For this exercise, copy all the data exactly and include none of the pictures.

### Information provided:
________________

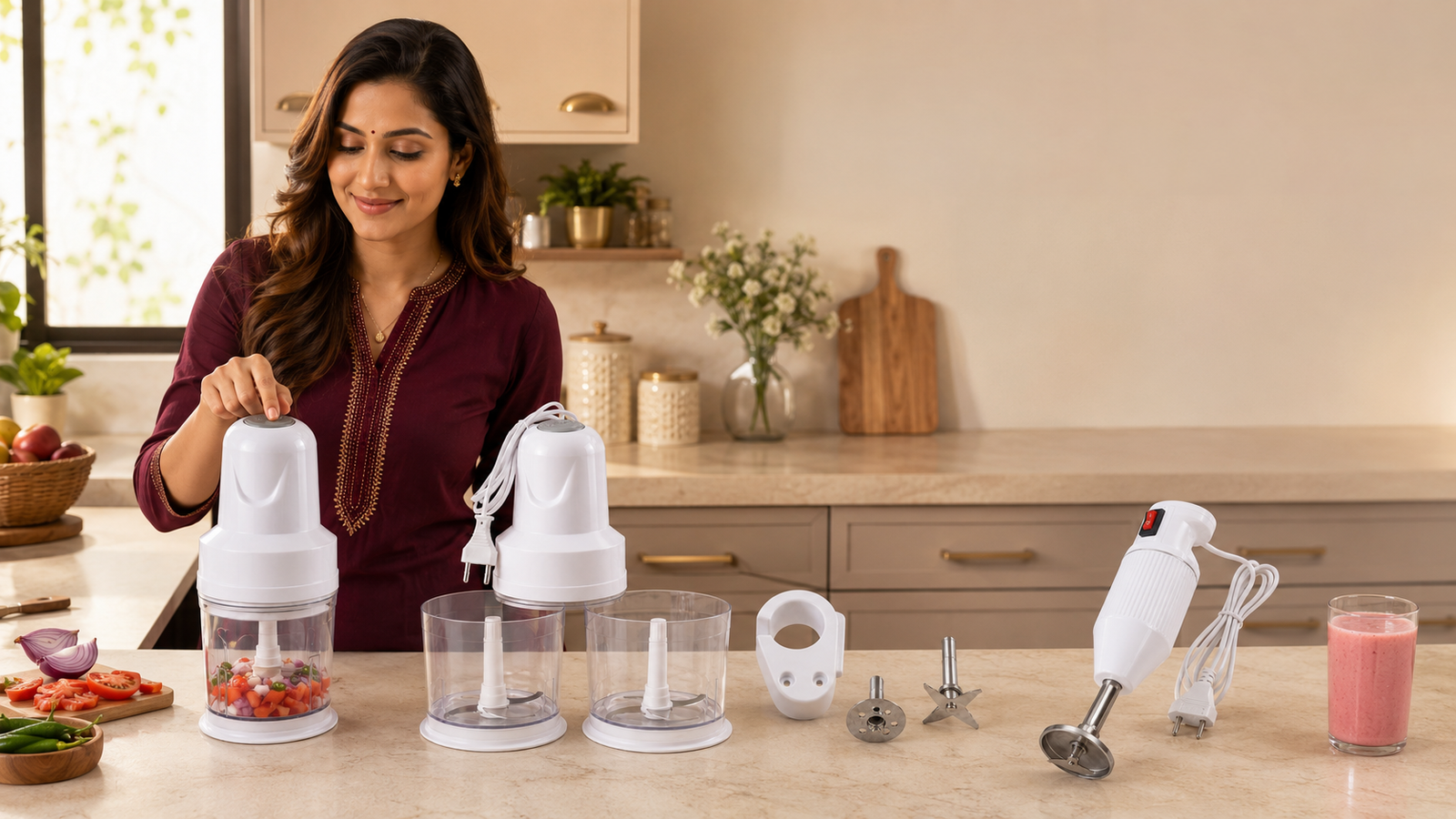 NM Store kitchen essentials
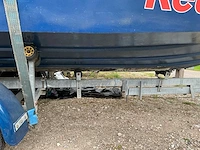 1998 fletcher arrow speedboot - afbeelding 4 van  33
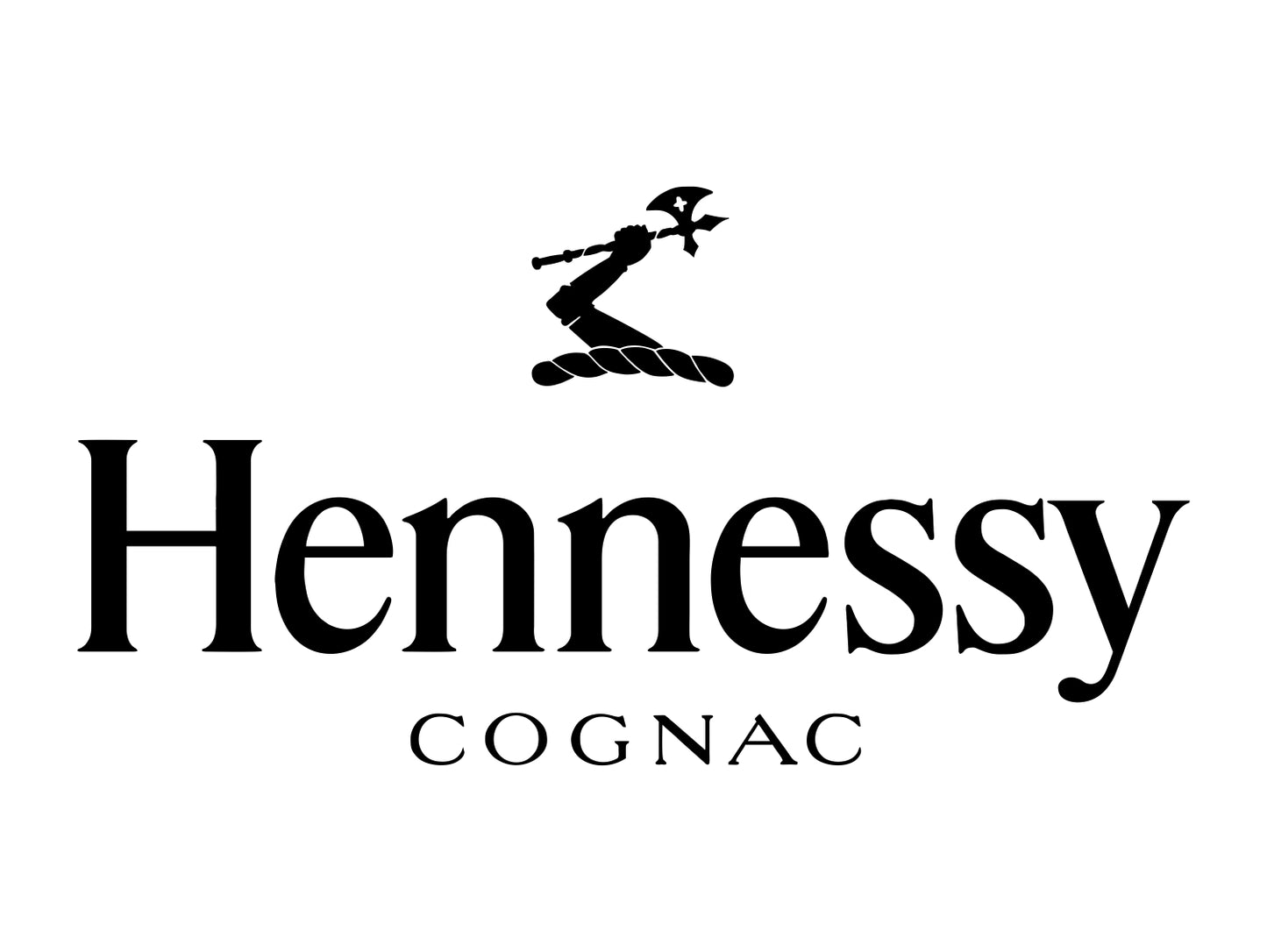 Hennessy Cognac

________________

### Result for this task:
 NM Store kitchen essentials
 1998 fletcher arrow speedboot - afbeelding 4 van  33
 Hennessy Cognac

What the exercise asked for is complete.